- PROBLEM REQUIREMENTS
Please find the lines in the entries below that contain the word "Piece", and copy each one.
**** PROVIDED DATA
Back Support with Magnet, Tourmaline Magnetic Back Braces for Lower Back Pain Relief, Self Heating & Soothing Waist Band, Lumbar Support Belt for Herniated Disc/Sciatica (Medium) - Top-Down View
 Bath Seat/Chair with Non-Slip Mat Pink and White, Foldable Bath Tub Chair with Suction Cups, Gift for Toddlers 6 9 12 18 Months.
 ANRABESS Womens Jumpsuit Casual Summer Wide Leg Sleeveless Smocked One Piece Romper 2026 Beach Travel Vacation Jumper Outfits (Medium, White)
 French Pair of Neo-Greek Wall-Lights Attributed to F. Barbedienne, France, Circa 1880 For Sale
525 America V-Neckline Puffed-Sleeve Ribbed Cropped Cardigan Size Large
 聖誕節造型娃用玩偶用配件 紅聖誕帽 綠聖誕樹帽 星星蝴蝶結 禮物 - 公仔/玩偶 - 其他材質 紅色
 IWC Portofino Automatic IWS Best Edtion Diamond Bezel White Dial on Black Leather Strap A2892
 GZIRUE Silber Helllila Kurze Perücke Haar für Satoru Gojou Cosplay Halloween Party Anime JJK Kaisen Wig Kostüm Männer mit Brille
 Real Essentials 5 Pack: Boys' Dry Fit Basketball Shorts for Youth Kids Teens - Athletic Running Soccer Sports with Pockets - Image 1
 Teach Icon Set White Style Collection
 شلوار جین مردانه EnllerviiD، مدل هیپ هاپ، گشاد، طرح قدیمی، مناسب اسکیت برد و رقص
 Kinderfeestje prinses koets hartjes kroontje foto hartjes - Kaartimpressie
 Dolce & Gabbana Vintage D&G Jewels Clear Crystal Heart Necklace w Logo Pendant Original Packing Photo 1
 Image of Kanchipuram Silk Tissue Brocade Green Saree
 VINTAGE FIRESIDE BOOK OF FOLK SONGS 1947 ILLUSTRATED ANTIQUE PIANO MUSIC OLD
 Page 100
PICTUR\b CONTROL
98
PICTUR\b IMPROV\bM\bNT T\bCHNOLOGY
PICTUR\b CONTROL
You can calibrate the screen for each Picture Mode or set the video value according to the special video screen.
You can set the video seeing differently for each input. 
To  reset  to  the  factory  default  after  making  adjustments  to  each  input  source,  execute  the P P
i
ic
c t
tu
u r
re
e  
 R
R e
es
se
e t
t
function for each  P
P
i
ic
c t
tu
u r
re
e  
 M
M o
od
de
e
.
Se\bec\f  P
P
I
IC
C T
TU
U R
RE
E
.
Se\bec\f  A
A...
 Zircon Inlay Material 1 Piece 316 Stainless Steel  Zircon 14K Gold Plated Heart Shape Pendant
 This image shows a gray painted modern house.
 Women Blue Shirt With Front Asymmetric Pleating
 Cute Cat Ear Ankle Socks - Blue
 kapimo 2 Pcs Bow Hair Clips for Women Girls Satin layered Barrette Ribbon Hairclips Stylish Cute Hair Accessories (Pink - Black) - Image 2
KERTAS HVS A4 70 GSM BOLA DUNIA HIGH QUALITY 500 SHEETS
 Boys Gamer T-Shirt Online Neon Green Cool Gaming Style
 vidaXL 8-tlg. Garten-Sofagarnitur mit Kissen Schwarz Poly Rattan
********
- OUTPUT FOR THIS TASK
 ANRABESS Womens Jumpsuit Casual Summer Wide Leg Sleeveless Smocked One Piece Romper 2026 Beach Travel Vacation Jumper Outfits (Medium, White)
 Zircon Inlay Material 1 Piece 316 Stainless Steel  Zircon 14K Gold Plated Heart Shape Pendant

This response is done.